### EXERCISE REQUIREMENTS:
Nothing but the lines below from the one that contains "Botas fútbol PUMA" through the one that contains "Matte black cross body bag" should be retyped, exactly and including both ends. Do not include pictures.

### RECORDS FOR THE TASK:
-- Opening Marker --

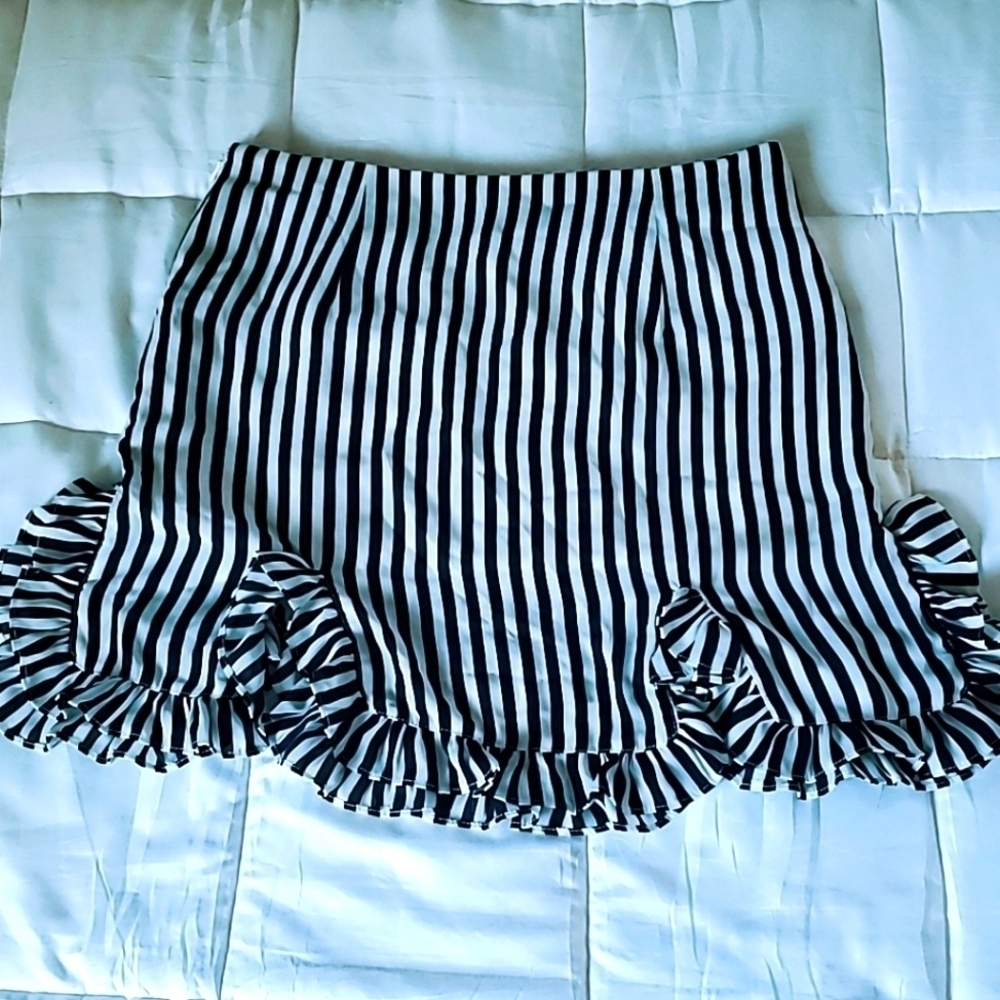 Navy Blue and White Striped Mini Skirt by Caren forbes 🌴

-- Closing Marker --
-- Opening Marker --

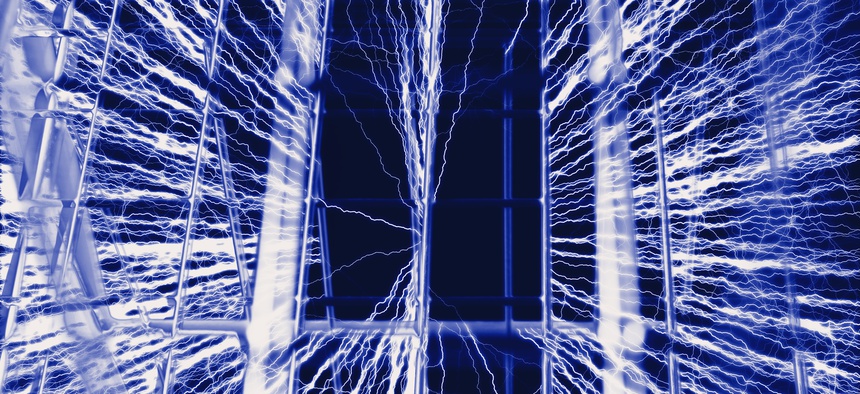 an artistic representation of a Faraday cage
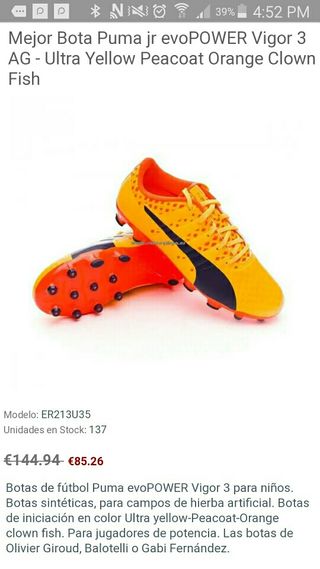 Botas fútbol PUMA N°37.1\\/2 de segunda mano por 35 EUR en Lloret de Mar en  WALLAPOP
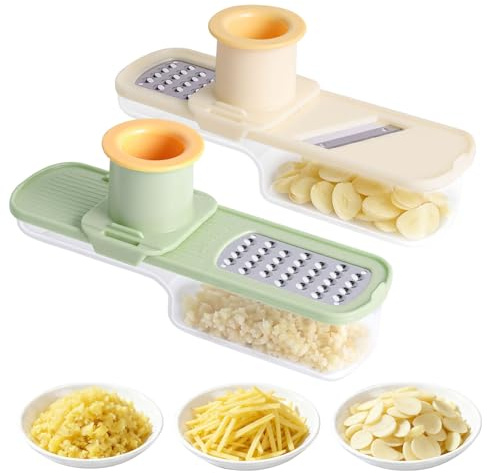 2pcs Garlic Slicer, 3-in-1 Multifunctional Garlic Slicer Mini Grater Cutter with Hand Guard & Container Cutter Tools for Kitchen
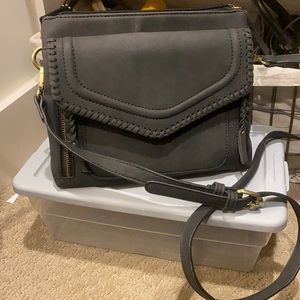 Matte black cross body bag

-- Closing Marker --

### WRITTEN RESPONSE:
 Botas fútbol PUMA N°37.1\\/2 de segunda mano por 35 EUR en Lloret de Mar en  WALLAPOP
 2pcs Garlic Slicer, 3-in-1 Multifunctional Garlic Slicer Mini Grater Cutter with Hand Guard & Container Cutter Tools for Kitchen
 Matte black cross body bag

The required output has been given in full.